I agree that blind people face the same problems any pedestrians do, and audible traffic signals are not "the" answer in a world increasingly favoring the automobile. And I agree very much that there may be creative solutions to the problems faced by pedestrians. My main concern about what you said regarding the different strokes thing is that your words bolstered the idea that the solution to the pedestrian problem may be environmental rather than personal. In my opinion the access movement threatens the blind far more than any pedestrian problem ever could. We should not abandon the concepts of believing in the abilities of the blind and the daily application of the alternative techniques of blindness. I fear that the access movement will result in a backslide in which we start to blame blindness itself for our problems rather than acting out the Federation themes of can-do attitudes and personal responsibility. When I hear people crying out for more audible traffic signals or other environmental changes, it makes me afraid for those who come behind us. Somehow we've got to redouble our resolve to define blindness in our own terms.

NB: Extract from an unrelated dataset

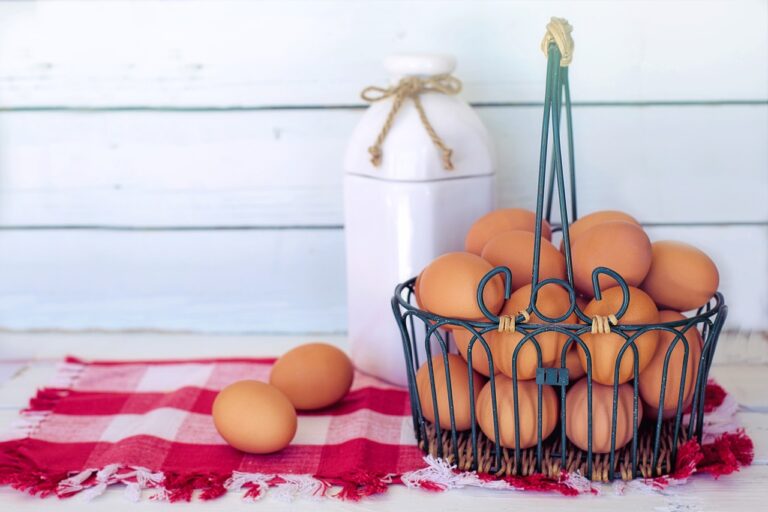 A wire basket filled with brown eggs on a red and white checkered cloth, with a white ceramic milk bottle in the background against a white wooden backdrop.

Many fellow blind people hold the worst notions of blindness. We cannot afford these to set the stage for all of us. That's why the NFB challenges those who reach for something external rather than internal. I want to see action on the part of those who get offended when personal responsibility is raised. No one wants to feel that he or she doesn't measure up. It's a lousy feeling. But it's even more lousy to ignore what we know lies within the realm of possibilities. I believe the Federation should push and push hard on our agenda. This doesn't mean we have to be jerks in the process. We do want to open our arms and provide the support it takes to make a difference in people's lives. No matter what we do, some will choose to reject our understanding of what it means to be blind. This saddens me but doesn't deter me from pressing the Federation agenda. Our dreams say that we want a better world for ourselves, for others in similar situations, and for those who come after us. Reality means that we win some, and we lose some, but being a Federationist means we never give up the dream and never give up sharing it with those who can benefit.